> Given data:
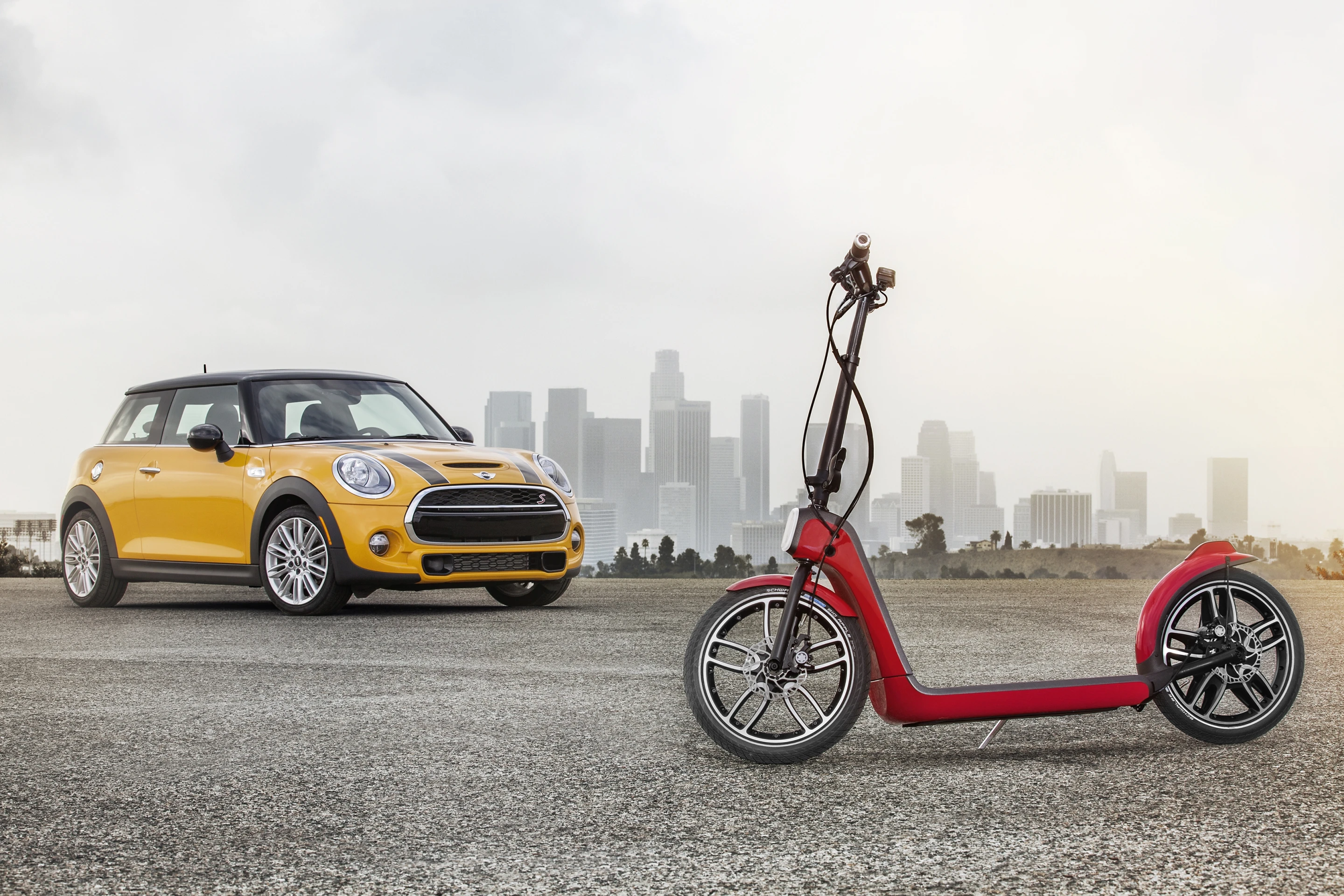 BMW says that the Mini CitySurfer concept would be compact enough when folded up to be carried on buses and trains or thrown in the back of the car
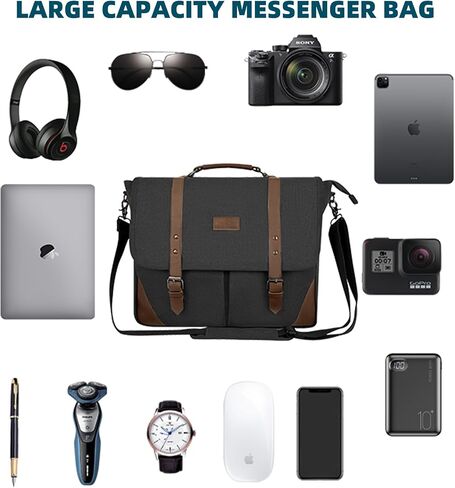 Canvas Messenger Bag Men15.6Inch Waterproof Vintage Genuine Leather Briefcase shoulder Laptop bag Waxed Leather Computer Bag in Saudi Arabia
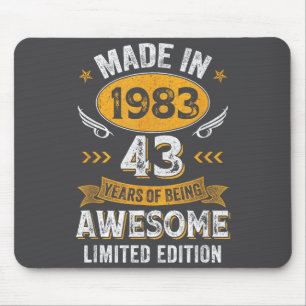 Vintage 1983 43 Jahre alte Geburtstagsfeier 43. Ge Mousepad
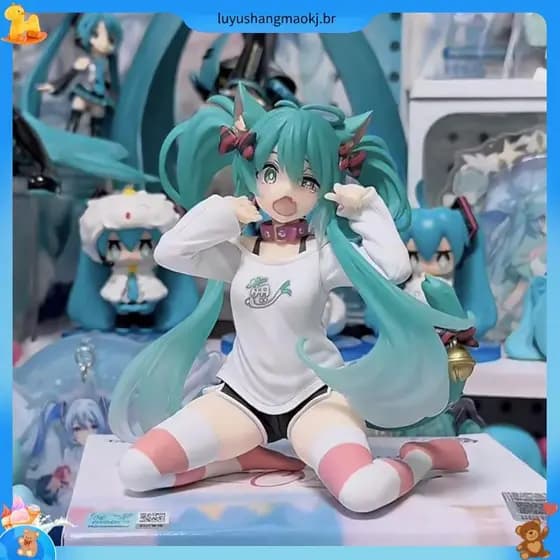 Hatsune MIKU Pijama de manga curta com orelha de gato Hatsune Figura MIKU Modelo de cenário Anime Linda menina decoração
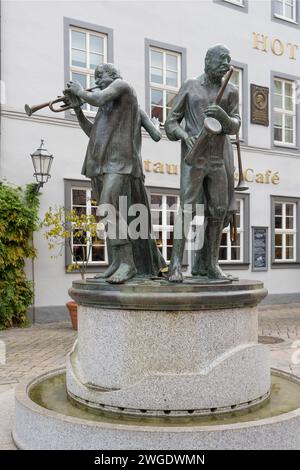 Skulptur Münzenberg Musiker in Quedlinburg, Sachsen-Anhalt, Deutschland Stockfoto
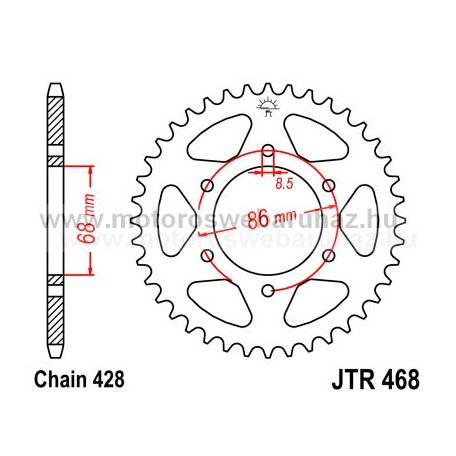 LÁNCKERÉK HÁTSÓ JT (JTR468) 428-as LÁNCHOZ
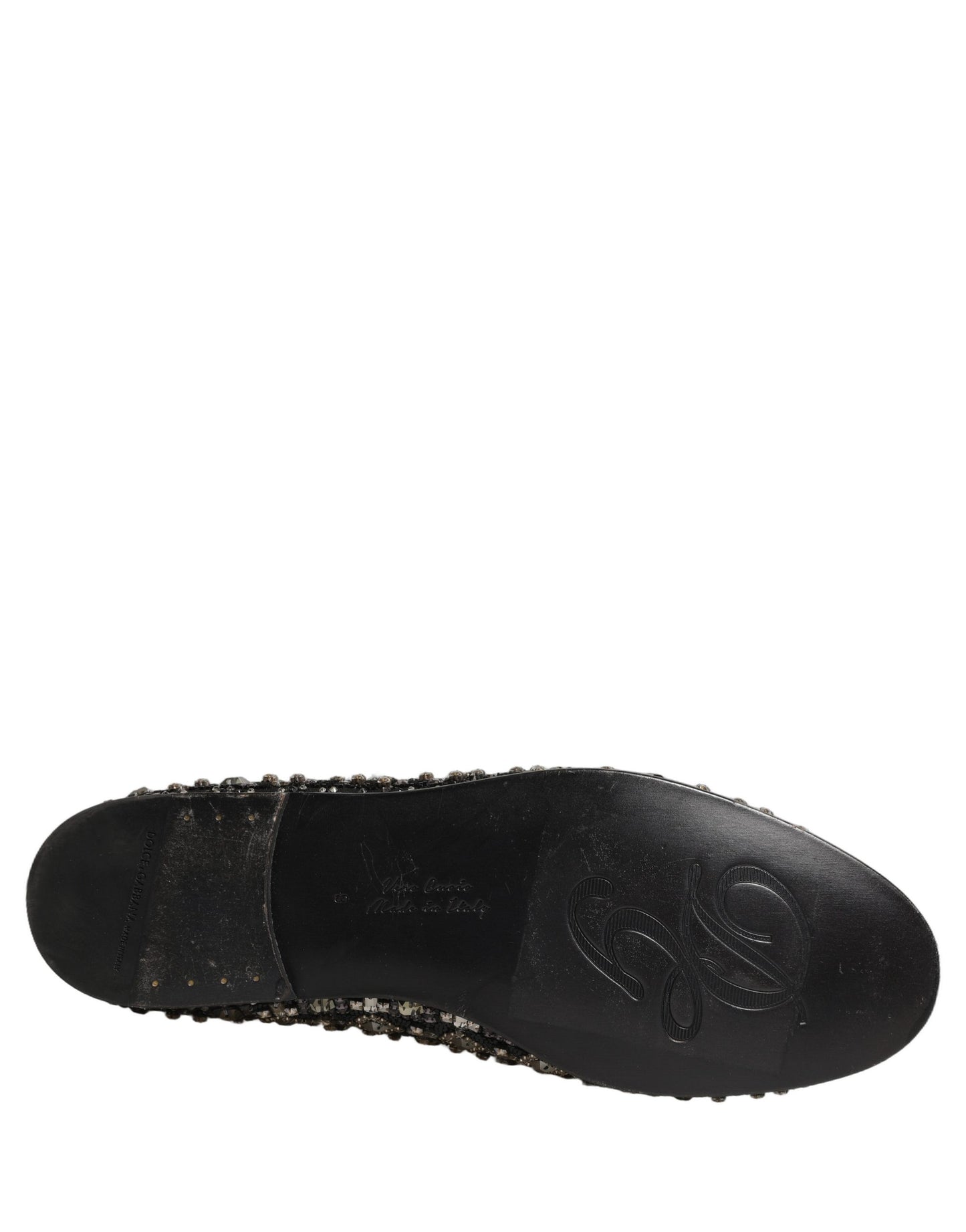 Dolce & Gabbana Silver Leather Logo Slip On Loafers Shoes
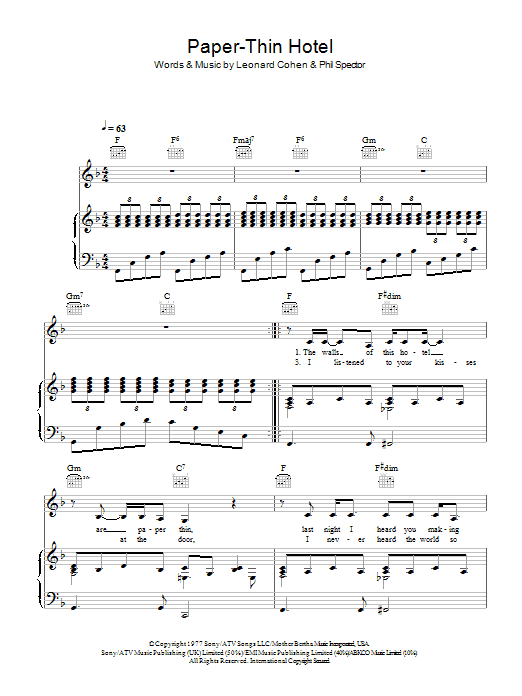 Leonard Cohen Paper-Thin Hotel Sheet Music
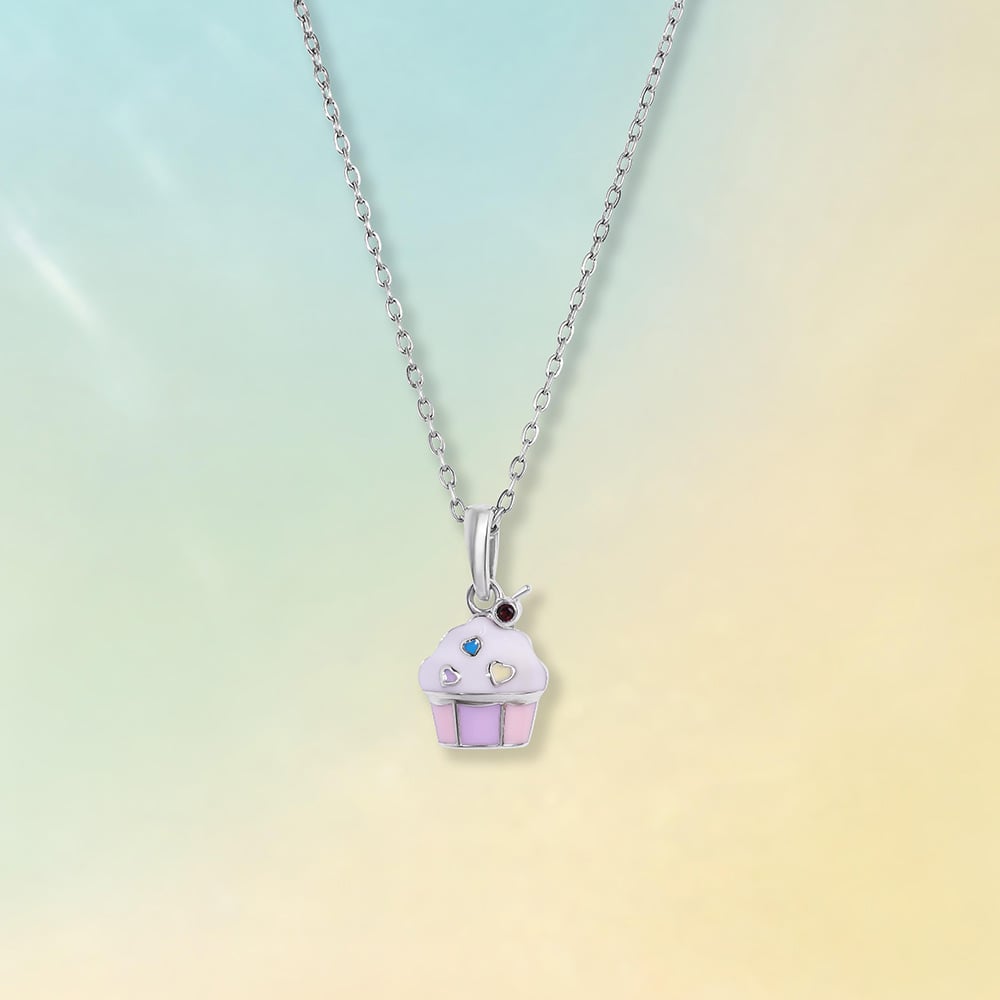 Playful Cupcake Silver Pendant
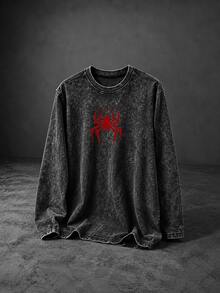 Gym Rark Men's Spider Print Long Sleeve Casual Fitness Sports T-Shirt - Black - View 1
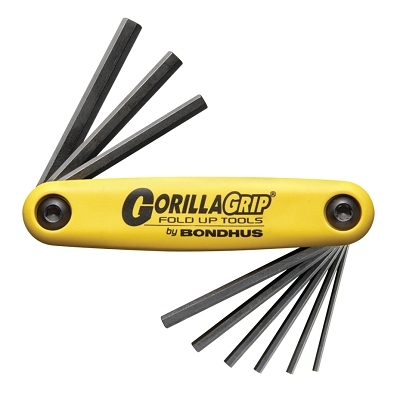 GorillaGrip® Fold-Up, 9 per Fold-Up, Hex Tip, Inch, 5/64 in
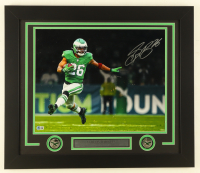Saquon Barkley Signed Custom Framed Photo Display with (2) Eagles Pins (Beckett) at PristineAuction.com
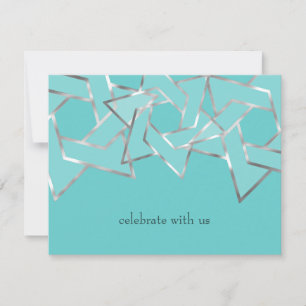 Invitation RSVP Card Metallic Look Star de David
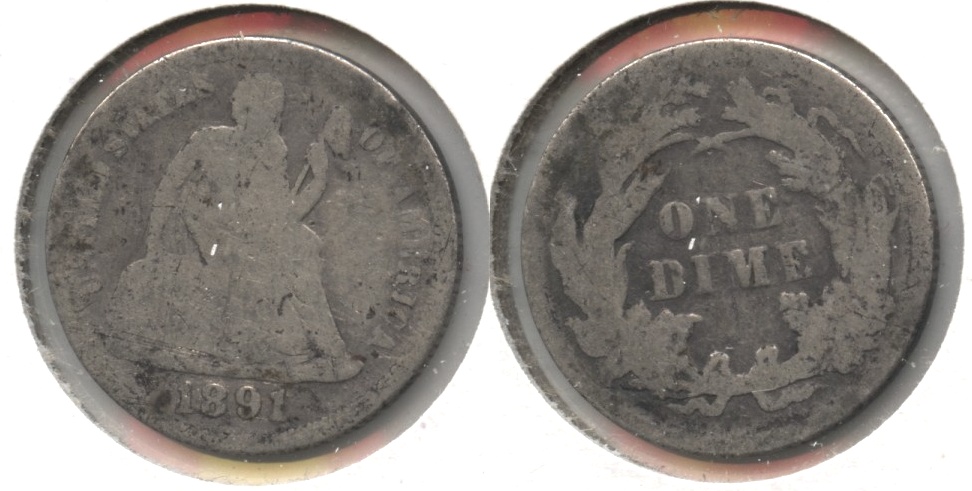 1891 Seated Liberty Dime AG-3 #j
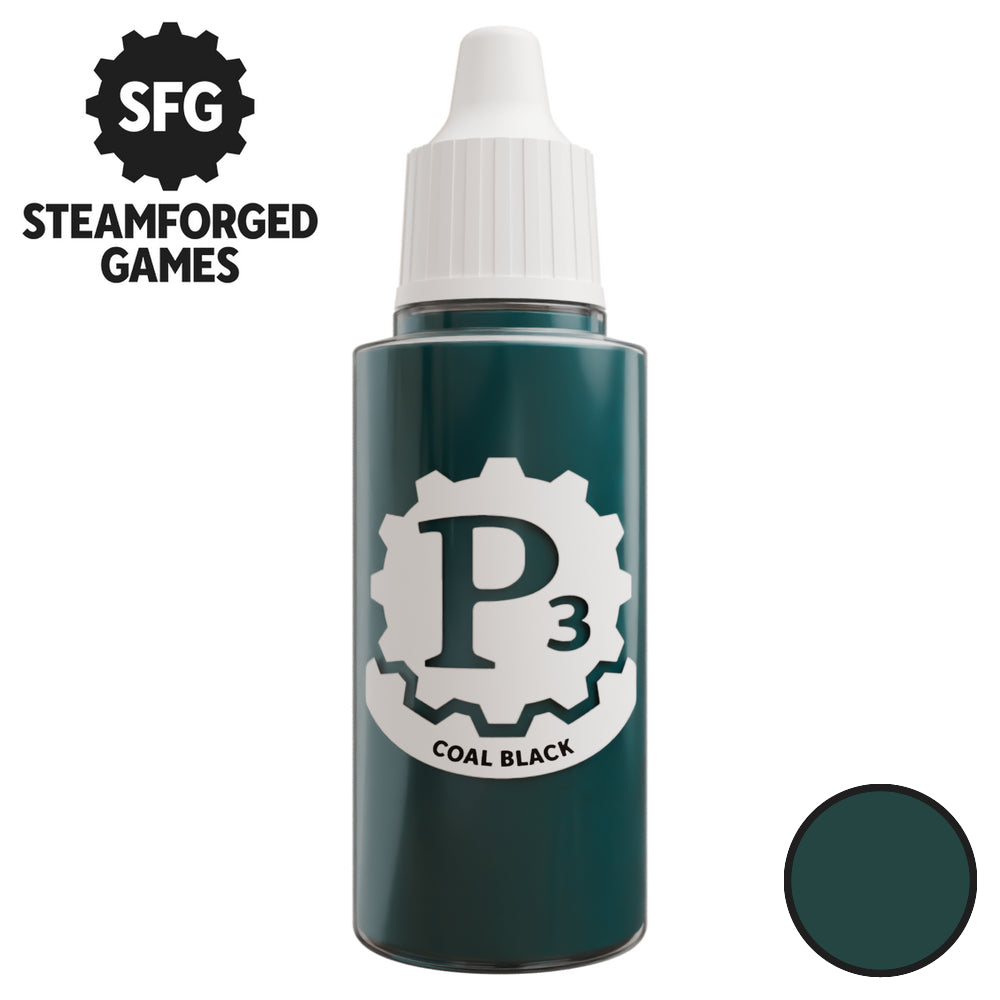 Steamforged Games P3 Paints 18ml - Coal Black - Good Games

> Instructions for the task: Pictures do not belong in the copy. Repeat only the lines from the top of the records through the line containing "Hatsune MIKU Pijama".

> Response box:
 BMW says that the Mini CitySurfer concept would be compact enough when folded up to be carried on buses and trains or thrown in the back of the car
 Canvas Messenger Bag Men15.6Inch Waterproof Vintage Genuine Leather Briefcase shoulder Laptop bag Waxed Leather Computer Bag in Saudi Arabia
 Vintage 1983 43 Jahre alte Geburtstagsfeier 43. Ge Mousepad
 Hatsune MIKU Pijama de manga curta com orelha de gato Hatsune Figura MIKU Modelo de cenário Anime Linda menina decoração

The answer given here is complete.